[llvm] e8f6b0e - AMDGPU/GlobalISel: Fix splitting 64-bit extensions
Matt Arsenault via llvm-commits
llvm-commits at lists.llvm.org
Wed May 20 08:13:41 PDT 2020
Author: Matt Arsenault
Date: 2020-05-20T11:13:32-04:00
New Revision: e8f6b0e583cbf97a08c26b2219faaa5e433a67ab
URL: https://github.com/llvm/llvm-project/commit/e8f6b0e583cbf97a08c26b2219faaa5e433a67ab
DIFF: https://github.com/llvm/llvm-project/commit/e8f6b0e583cbf97a08c26b2219faaa5e433a67ab.diff
LOG: AMDGPU/GlobalISel: Fix splitting 64-bit extensions
This was replicating the low bits into the high bits for G_ZEXT,
rather than using 0.
Added:
Modified:
llvm/lib/Target/AMDGPU/AMDGPURegisterBankInfo.cpp
llvm/test/CodeGen/AMDGPU/GlobalISel/regbankselect-anyext.mir
llvm/test/CodeGen/AMDGPU/GlobalISel/regbankselect-zext.mir
Removed:
################################################################################
diff --git a/llvm/lib/Target/AMDGPU/AMDGPURegisterBankInfo.cpp b/llvm/lib/Target/AMDGPU/AMDGPURegisterBankInfo.cpp
index 18ec745cb9a0..1cfc7ccc6cb7 100644
--- a/llvm/lib/Target/AMDGPU/AMDGPURegisterBankInfo.cpp
+++ b/llvm/lib/Target/AMDGPU/AMDGPURegisterBankInfo.cpp
@@ -1778,6 +1778,34 @@ static void reinsertVectorIndexAdd(MachineIRBuilder &B,
IdxUseInstr.getOperand(OpIdx).setReg(Add.getReg(0));
}
+/// Implement extending a 32-bit value to a 64-bit value. \p Lo32Reg is the
+/// original 32-bit source value (to be inserted in the low part of the combined
+/// 64-bit result), and \p Hi32Reg is the high half of the combined 64-bit
+/// value.
+static void extendLow32IntoHigh32(MachineIRBuilder &B,
+ Register Hi32Reg, Register Lo32Reg,
+ unsigned ExtOpc,
+ const RegisterBank &RegBank,
+ bool IsBooleanSrc = false) {
+ if (ExtOpc == AMDGPU::G_ZEXT) {
+ B.buildConstant(Hi32Reg, 0);
+ } else if (ExtOpc == AMDGPU::G_SEXT) {
+ if (IsBooleanSrc) {
+ // If we know the original source was an s1, the high half is the same as
+ // the low.
+ B.buildCopy(Hi32Reg, Lo32Reg);
+ } else {
+ // Replicate sign bit from 32-bit extended part.

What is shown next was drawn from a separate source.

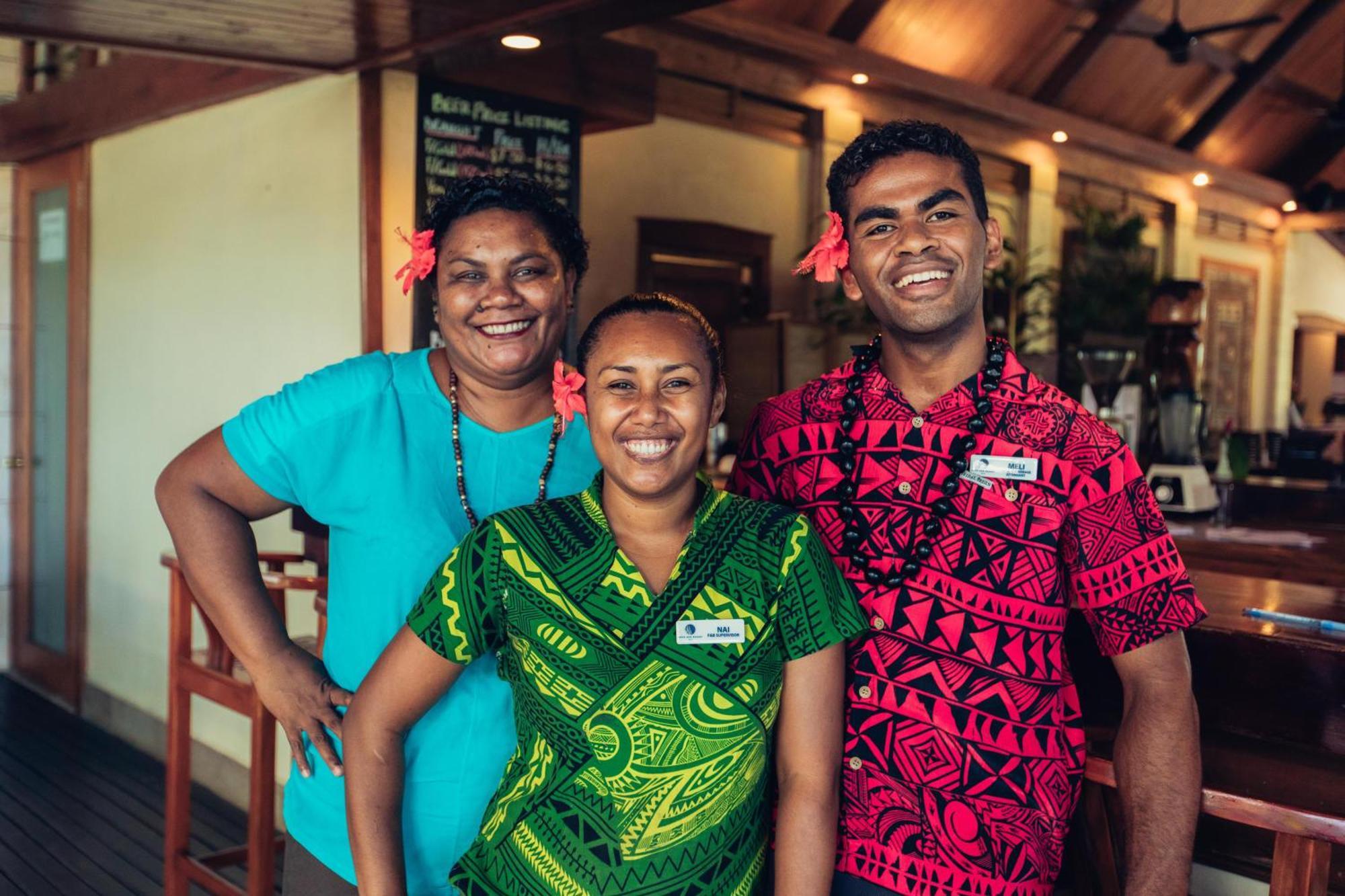 Koro Sun Resort & Rainforest Spa Savusavu Exteriér fotografie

+ auto ShiftAmt = B.buildConstant(LLT::scalar(32), 31);
+ B.getMRI()->setRegBank(ShiftAmt.getReg(0), RegBank);
+ B.buildAShr(Hi32Reg, Lo32Reg, ShiftAmt);
+ }
+ } else {
+ assert(ExtOpc == AMDGPU::G_ANYEXT && "not an integer extension");
+ B.buildUndef(Hi32Reg);
+ }
+}
+
void AMDGPURegisterBankInfo::applyMappingImpl(
const OperandsMapper &OpdMapper) const {
MachineInstr &MI = OpdMapper.getMI();
@@ -2237,26 +2265,19 @@ void AMDGPURegisterBankInfo::applyMappingImpl(
// breakdowns supported.
DstTy.getSizeInBits() == 64 &&
SrcTy.getSizeInBits() <= 32) {
- const LLT S32 = LLT::scalar(32);
SmallVector<Register, 2> DefRegs(OpdMapper.getVRegs(0));
// Extend to 32-bit, and then extend the low half.
if (Signed) {
// TODO: Should really be buildSExtOrCopy
B.buildSExtOrTrunc(DefRegs[0], SrcReg);
-
- // Replicate sign bit from 32-bit extended part.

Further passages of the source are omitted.